This post is about one, very specific, fun implementation detail sitting underneath that. When a vendor writes aws_db_instance.engine_version = var.postgres_version, and Tensor9 has to pick a specific CloudNative-PG chart version for the on-prem form factor, how does it pick? The value it needs isn't a primitive — it's an expression. Often a conditional; and often threaded through three modules before it even reaches the resource.

This is the third post in a series. The first walked through how we represent infrastructure as a typed graph (STIR). The second walked through how service dialects let us raise AWS into a canonical form and lower to Kubernetes. This one walks through one specific mechanism inside the Tensor9 compiler: phi tracing.

TL;DR

The problem. To swap an AWS service for its target-environment equivalent, the compiler needs concrete values — which Postgres version, which instance class, which chart. Real vendor Terraform hands it expressions, not primitives.

What phi tracing does. It walks backward through the expression to collect every value it could take and the Terraform condition under which it takes each one. Output: one pre-compiled specialization per value, each wrapped in a count-gated module. Terraform itself picks the active branch at plan time.

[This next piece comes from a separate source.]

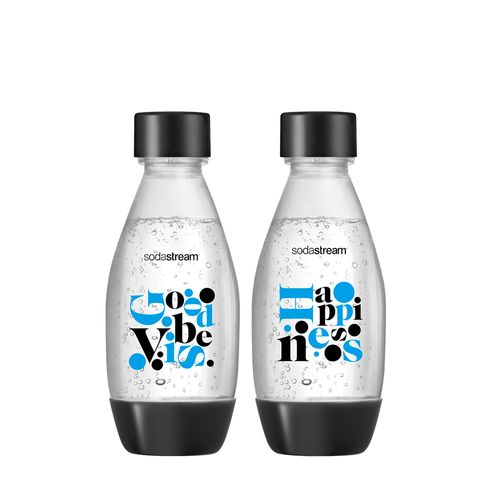CONJUNTO DE 2 GARRAFAS SODASTREAM GOOD VIBES 500ML PRETA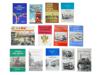 LOT OF AMERICAN BRITISH RAILWAY TRANSPORT BOOKS PIC-2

Why it matters. The vendor never rewrites their Terraform. The compiled output reads like the original; the plan is the source of truth; every decision is visible before apply. No runtime magic, no new DSL.

Part 0: Context

What Tensor9 is

Tensor9 is a platform that lets software vendors take products they built for their own AWS account and deploy them into customer-owned environments: the customer's AWS, the customer's on-prem Kubernetes cluster, the customer's GCP project. The vendor hands Tensor9 the Terraform they already wrote for AWS, and the platform emits the stack the customer needs to run the same application in their environment. The application's behavior is preserved; the underlying infrastructure is translated. A compiler at the heart of the platform does that translation, and this post is about one specific mechanism inside it. You can learn more here: docs.tensor9.com.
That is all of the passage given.